Estaba muy enferma; una dolencia de la matriz que acababa con ella rápidamente. No creía en los médicos que, según ella, «la engañaban con palabras»; además repugnaba a su pudor de buena mujer, cristianamente educada, prestarse a vergonzosas exhibiciones de los órganos enfermos. Conocía el único remedio: la Virgen del Lluch acabaría por curarla. Y todas las semanas, descalza, con los zapatos en la mano, subía la penosa cuesta, ella que en su huerto apenas podía moverse de la silla y necesitaba que el marido la arrease para cuidar la casa.

El ermitaño se aproximó a la enferma, tomando una pieza de cobre que llevaba en la mano.
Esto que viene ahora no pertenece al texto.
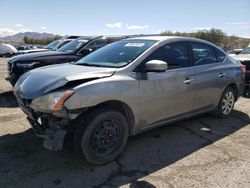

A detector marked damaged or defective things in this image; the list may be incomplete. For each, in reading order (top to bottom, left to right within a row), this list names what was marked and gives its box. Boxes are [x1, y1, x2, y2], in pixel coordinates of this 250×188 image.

dented hood [15, 62, 116, 99]
cracked headlight [29, 90, 73, 111]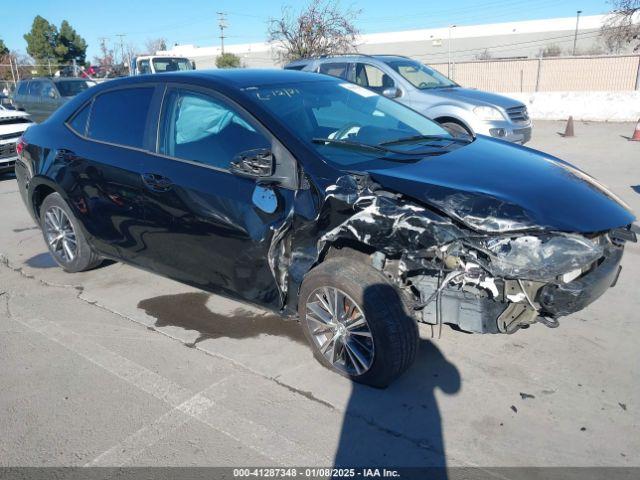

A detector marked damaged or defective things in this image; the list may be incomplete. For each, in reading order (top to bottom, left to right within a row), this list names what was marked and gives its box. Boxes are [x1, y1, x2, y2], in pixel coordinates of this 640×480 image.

damaged black sedan [13, 71, 636, 386]
crumpled front end [306, 174, 636, 336]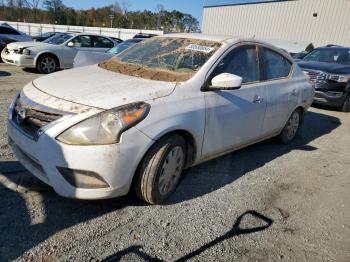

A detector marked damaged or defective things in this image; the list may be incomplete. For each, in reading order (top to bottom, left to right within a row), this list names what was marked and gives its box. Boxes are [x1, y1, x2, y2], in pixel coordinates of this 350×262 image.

damaged car [7, 33, 314, 205]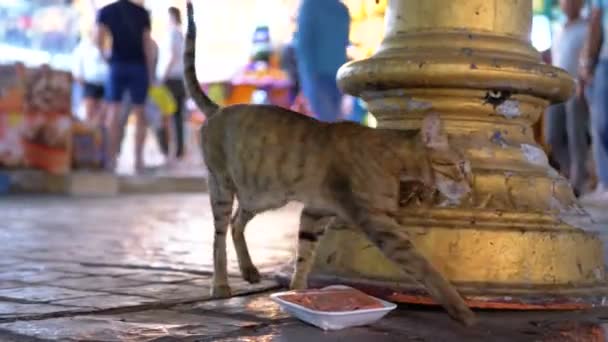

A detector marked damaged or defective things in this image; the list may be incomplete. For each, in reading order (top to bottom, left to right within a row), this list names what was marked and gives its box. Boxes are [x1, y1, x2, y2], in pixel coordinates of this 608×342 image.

peeling paint [496, 99, 520, 118]
peeling paint [520, 144, 548, 166]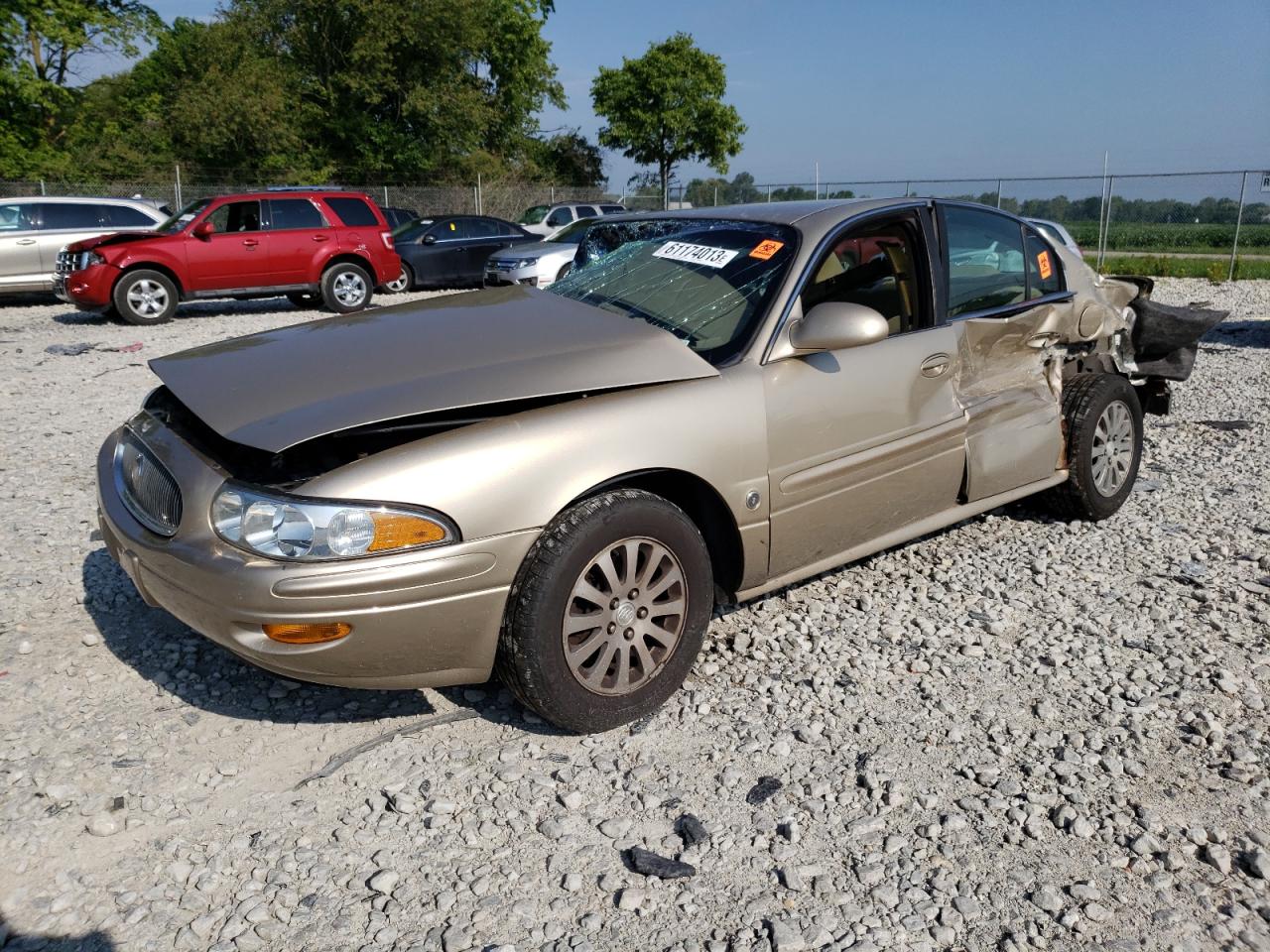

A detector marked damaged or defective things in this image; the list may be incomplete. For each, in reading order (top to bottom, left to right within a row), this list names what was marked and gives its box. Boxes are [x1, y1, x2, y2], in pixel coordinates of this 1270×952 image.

crumpled hood [67, 232, 163, 254]
crumpled hood [149, 282, 714, 454]
shattered windshield [544, 217, 794, 363]
damaged gold sedan [94, 200, 1222, 734]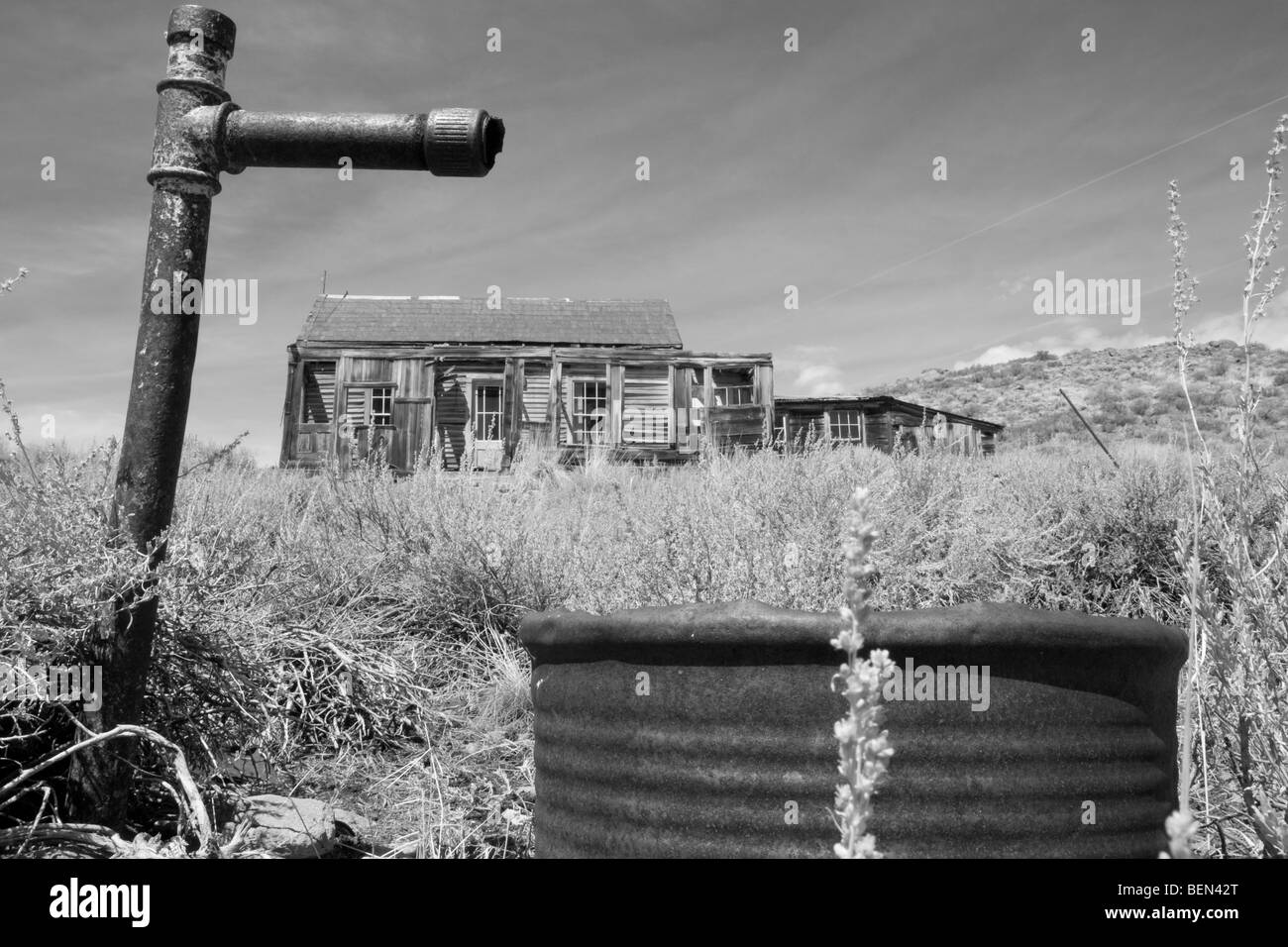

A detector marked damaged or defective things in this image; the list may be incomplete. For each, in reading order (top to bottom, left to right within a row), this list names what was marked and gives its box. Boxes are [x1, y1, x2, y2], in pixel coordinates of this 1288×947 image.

rusty metal pipe [216, 107, 501, 176]
rusted metal tank [520, 602, 1185, 860]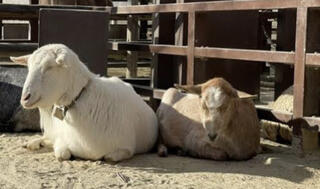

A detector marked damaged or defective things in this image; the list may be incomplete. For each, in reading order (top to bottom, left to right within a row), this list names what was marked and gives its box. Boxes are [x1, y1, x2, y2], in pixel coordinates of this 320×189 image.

rusty metal bar [292, 7, 308, 118]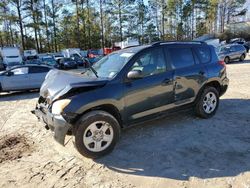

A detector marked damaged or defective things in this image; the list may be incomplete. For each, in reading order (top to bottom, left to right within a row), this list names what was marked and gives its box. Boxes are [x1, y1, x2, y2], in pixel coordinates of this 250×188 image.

dented hood [40, 69, 108, 100]
damaged front bumper [32, 104, 71, 145]
broken bumper cover [33, 106, 71, 145]
damaged headlight [51, 99, 71, 115]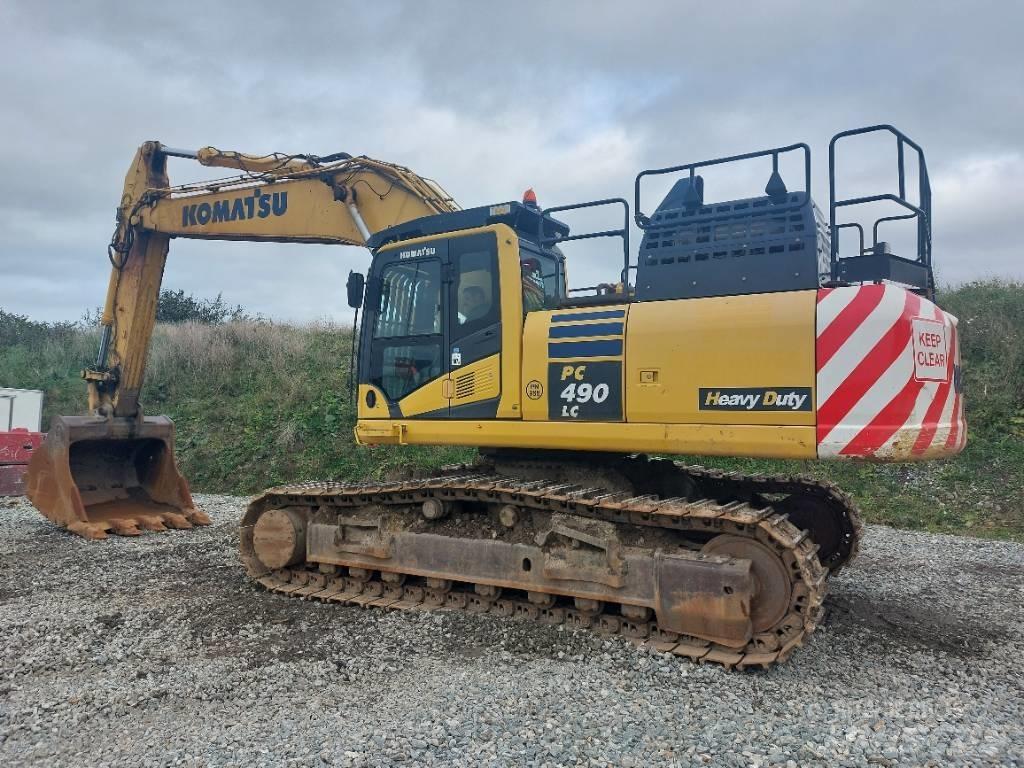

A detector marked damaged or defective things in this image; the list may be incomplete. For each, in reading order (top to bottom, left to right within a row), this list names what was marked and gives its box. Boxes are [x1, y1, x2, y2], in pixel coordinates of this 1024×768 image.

rusty bucket [25, 417, 207, 536]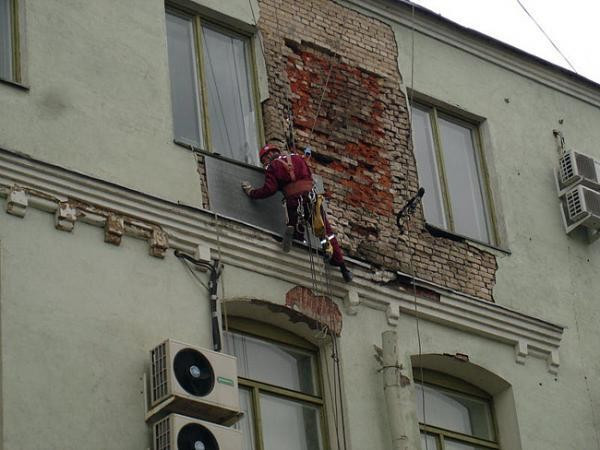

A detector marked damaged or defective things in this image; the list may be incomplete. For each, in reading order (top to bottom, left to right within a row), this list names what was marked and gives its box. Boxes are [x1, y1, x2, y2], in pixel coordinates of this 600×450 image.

damaged brickwork [197, 0, 496, 302]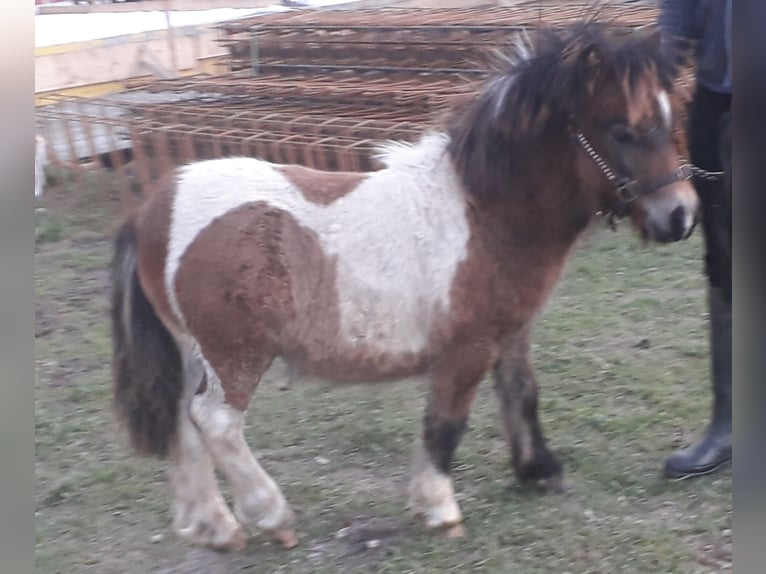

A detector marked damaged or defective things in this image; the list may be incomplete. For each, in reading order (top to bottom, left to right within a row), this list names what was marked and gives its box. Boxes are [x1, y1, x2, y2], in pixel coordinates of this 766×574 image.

rusty rebar mesh [37, 2, 696, 214]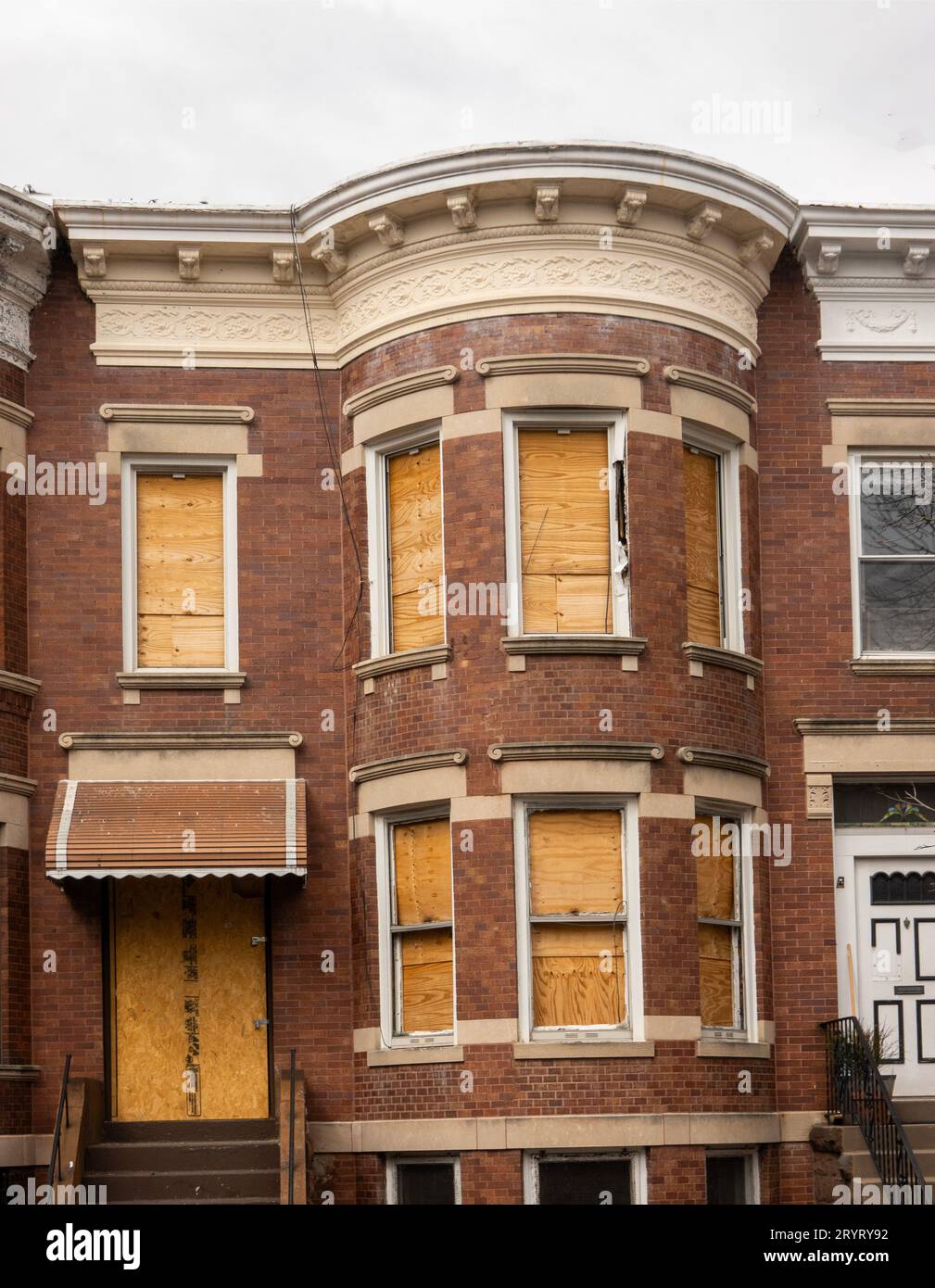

Quería unos gozos como siempre, ¿eh?

– ¡Visanteta, uns gochos!– gritó el rústico asomando a la puerta.

Y entró en la iglesia su hija, una mocetona morenota y sucia, con ojos africanos: una beldad rústica que parecía escapada de un aduar.

Se acomodó en un banco, volviendo la espalda a la virgen con el gesto de mal humor del que se ve obligado a hacer todos los días la misma cosa, y con una voz bronca, desgarrada, furiosa, que hacía temblar las paredes del santuario, comenzó una melopea lenta, cantando la historia de la imagen y sus portentosos milagros.